President Clinton strongly hinted for the first time Thursday that he might raise tobacco taxes to finance medical benefits for all Americans.

He said his task force on health care reform was examining "lots of options" for raising money "which wouldn't necessarily increase middle class tax burdens."

The idea of taxing employee health benefits, for which Clinton indicated some support in December, now is being viewed much less favorably by the administration. Sources familiar with the task force's discussions say it is increasingly considering the more politically appealing idea of applying stringent cost controls to health insurance companies, hospitals and doctors.

The administration is reluctant to propose new taxes on the middle class on top of those included in Clinton's economic program. But health insurance companies, hospitals and doctors are an easy target because, according to polls, many Americans believe they are greedy and responsible for rising costs.

One proposal being examined is limiting the amount by which insurers could raise premiums each year. Other possibilities include taxes on the revenues of insurance companies and health care providers such as hospitals.

"I think we are spending a ton of money in private insurance and government tax payments to deal with the health care problems occasioned by health habits, and particularly smoking," Clinton said. "It's costing us a lot of money."

Asked whether his stated interest in avoiding undue burdens on the middle class would rule out a cigarette tax increase, Clinton said, "I think health-related taxes are different. I think cigarette taxes, for example, are different. You do have to find some way to recover some revenues to cover people who now don't have coverage."

But task force members do not think that increasing both tobacco and alcohol taxes will be sufficient. Federal taxes on those products brought in $13 billion in 1992. Taxes on guns and ammunition -- which the task force is also considering increasing -- raised $140 million in the same year.

Clinton's health advisers told him shortly after the November election that guaranteeing universal access to medical care might mean $30 billion to $90 billion in additional annual government expenditures by 1997.

Taxing employee benefits theoretically could generate large amounts of revenue. According to the private Employee Benefit Research Institute, the government could have raised $43 billion this year by taxing the $188 billion in health care benefits employers now are able to deduct from their taxes.

However, the task force has been considering taxing only benefits that exceed a standard benefit package that all Americans would be guaranteed under the reform goals set by the president.

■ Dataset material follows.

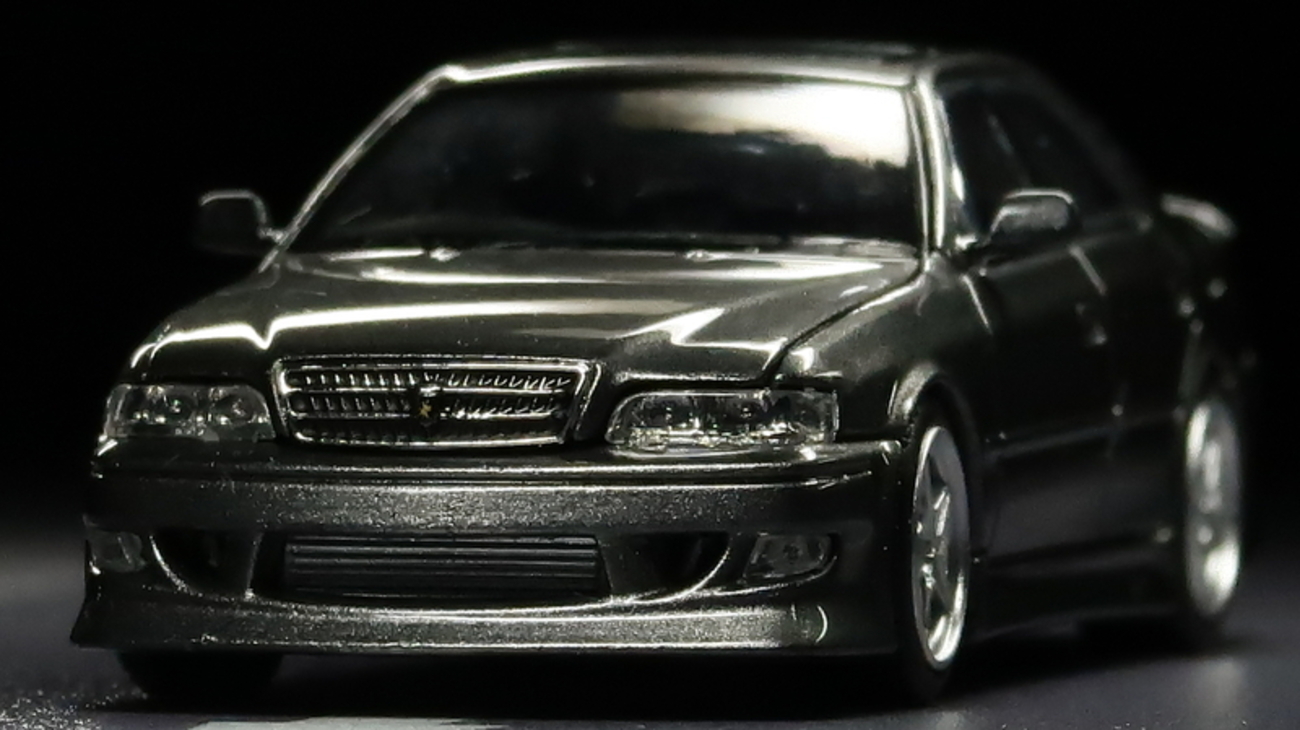 ミニカーレビュー】 Focal Horizon x Model 1 - Toyota Chaser JZX100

Sources familiar with the task force's discussions say cost controls on insurance companies and providers of health care would generate huge, immediate savings that would make it easier to provide benefits to the 35 million Americans who lack them.

Another reason the administration is interested in such controls is that they would rein in health care costs, now rising 11 percent a year, and boost the economic recovery, the sources said.

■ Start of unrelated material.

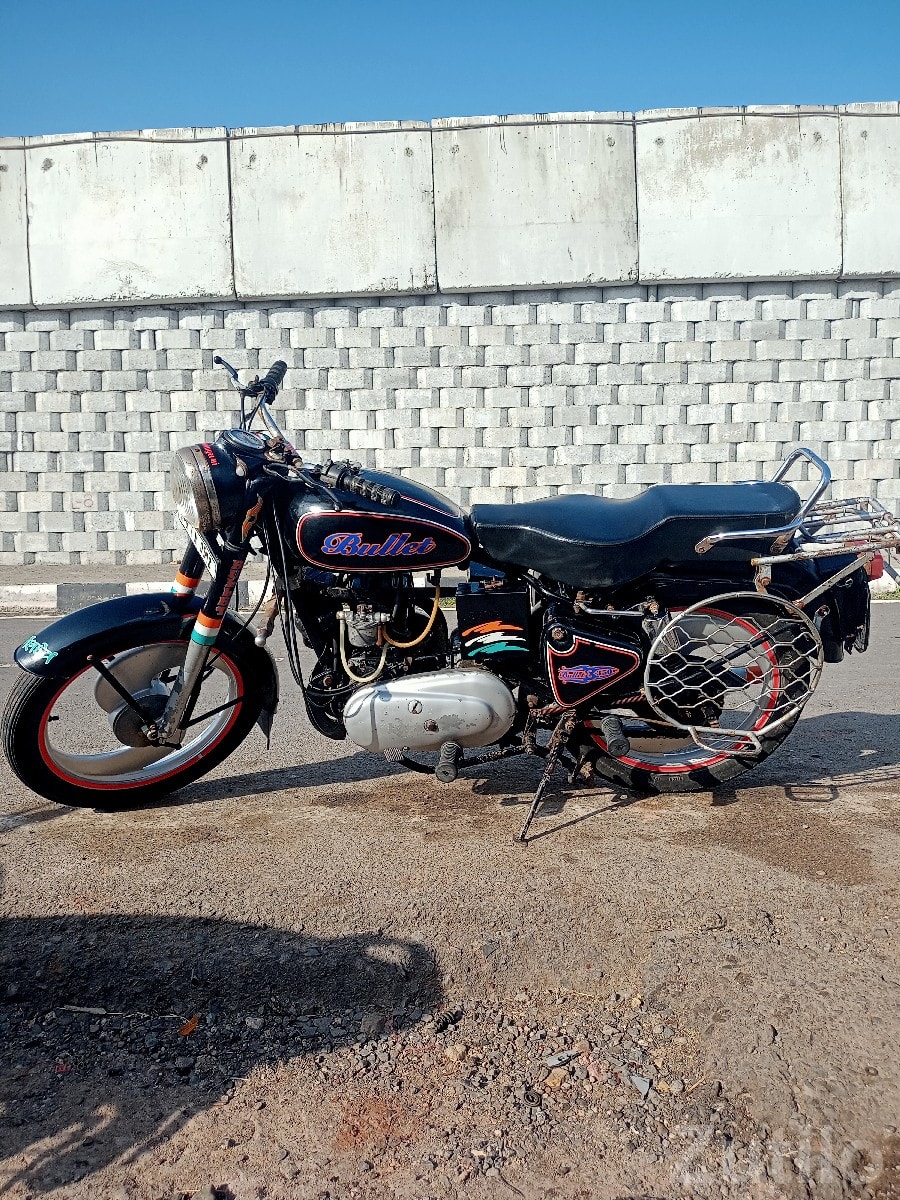 1975 Diesel Bullet Motorcycle for Sale - બાઇક્સ - કલ્યાણપુર - Image 2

The cost controls would be short-term and would be phased out as long-term savings were realized. The task force members think that in the long run it is possible to save several hundred billion dollars a year by restructuring the financing and delivery of health care to eliminate waste, bureaucracy and excessive profits.

One problem the administration would face if it chose to cap annual increases in premiums and health service charges would be "capturing" those savings, health experts say. Most of the savings would accrue to private employers, who provide the bulk of insurance coverage, and that would require the government to tax companies or otherwise to require them to cover Americans who now lack health benefits.

Insurance companies are critical of such proposals. They would do nothing to address the underlying causes of runaway medical costs, the companies say.